Back in about 1979 or so I bought a slightly used Ruger M77R in .30-06. This one was one of the Tang Safety models with the Fully Adjustable Trigger. It took me a while to figure out how to adjust the trigger, but once I did it was worth the effort. With 150gr. or 165gr. Speer Spitzer Boat Tails loaded with Winchester W-760 this old Rifle thought it was a Target Rifle. In addition it seemed very fogiving in regards to pressure. I had the 150gr. Speer Spitzer Boat Tails running right at 3100 FPS, and the 165gr. Speer Spitzer Boat Tails running right at 2900 FPS. With either load the cases literally fell out of the chamber. I finally shot that rifle so much the accuracy started to go, so I traded it off for a newer version. With the newer version I could never get the velocities I did out of that first one, and the accuracy was never quite as good either.

Larry


----------



## jimbob357 (Jan 2, 2006)

Another vote for the Ruger M77 Tang safety here.


----------



## xHogHunter (Oct 25, 2005)

Savage 111F, Warne mounts and Swift 4-12x40 AO scope.


----------



## Chesador (Aug 15, 2003)

Remington 700 Classic (purchased in 1982). It's fast handling in the brush and with owner intstalled glass bedding able to shoot 3-shot half-inch groups (165gr BT).


----------



## cvc944 (Aug 8, 2006)

Beebled said:


> I'm interested in everybody's opinon: What's everyone's favorite 30-06 for hunting or just shooting?

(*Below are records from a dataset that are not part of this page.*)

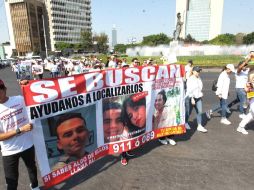 Este sábado, familiares y amigos de los desaparecidos se manifestaron, pidiendo que se esclarezcan los hechos. EL INFORMADOR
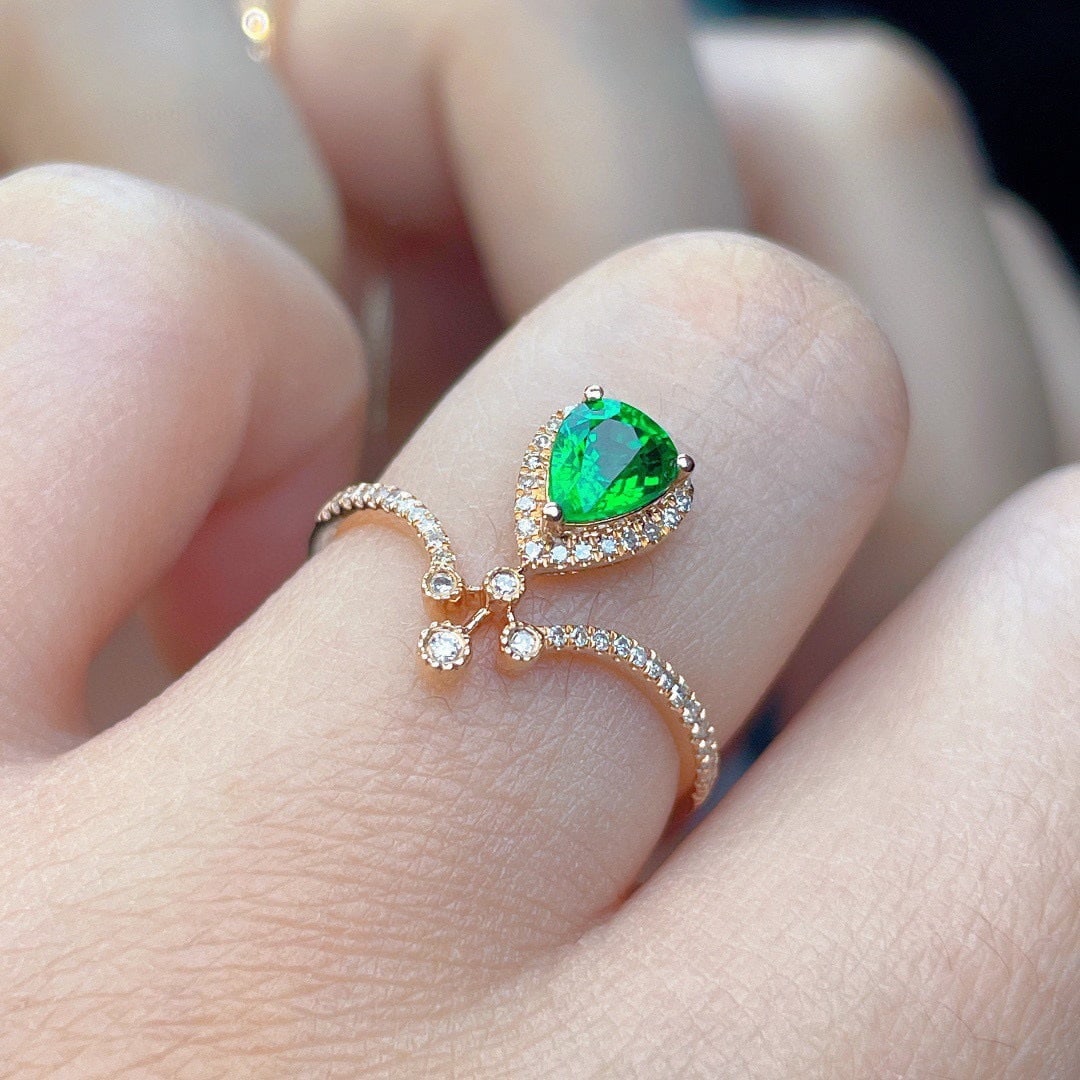 14k Gold 0.8 Ct Vivid Green Natural Tsavorite & Diamond Ring - 4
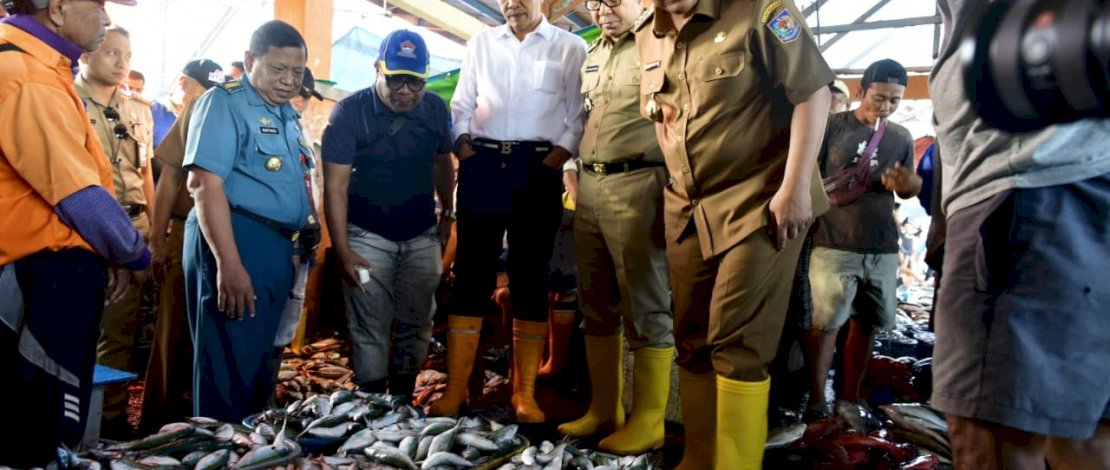 Cek Harga Ikan, Pj Gubernur Bahtiar Tinjau TPID Poetere Makassar Cek Harga Ikan, Pj Gubernur Bahtiar Tinjau TPID Poetere Makassar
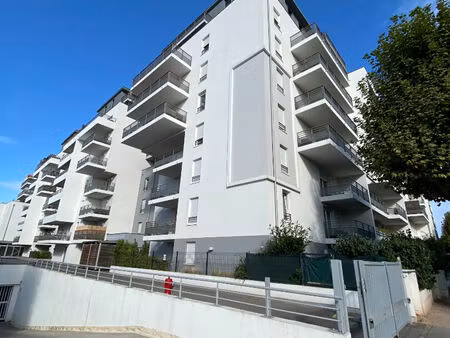 appartement strasbourg 2 pièces 41m2 avec terrasse
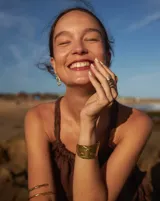 Aros colgantes con diseño orgánico inspirado en corales naturales, con acabado metálico brillante y cierre de perno con mariposa.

My favorite is a Sako Finnbear Standard built in 1974. Alot of stripe in the wood and very accurate. Leupold 3X9X40 A/O in Sako mounts. I bought this rifle in 1984 and always had great luck in the field when carrying it.


----------



## clampdaddy (Aug 9, 2006)

I have two. I shot my first deer with my pre '64 model 70 so it will always have the best spot in the gun safe, but I'd have to say that my favorite is my sporterized 03A1 springfield. It still has the military barrel that has been through at least one of the world wars (probably both) and it still shoots .7s all day long with 165gr. interbonds. The guy I got it from said that between he and his father they killed at least a couple dozen deer with it. Every time I carry it into the woods I wish that it could tell me all the stories of its past. It's an old soldier that's traveled the world, fought in the trenches of war torn europe, provided venison for two generations of a hunting family, and now it's mine.

ECV chapter 58, WHAT SAY THE BRETHEREN?!?!?!


----------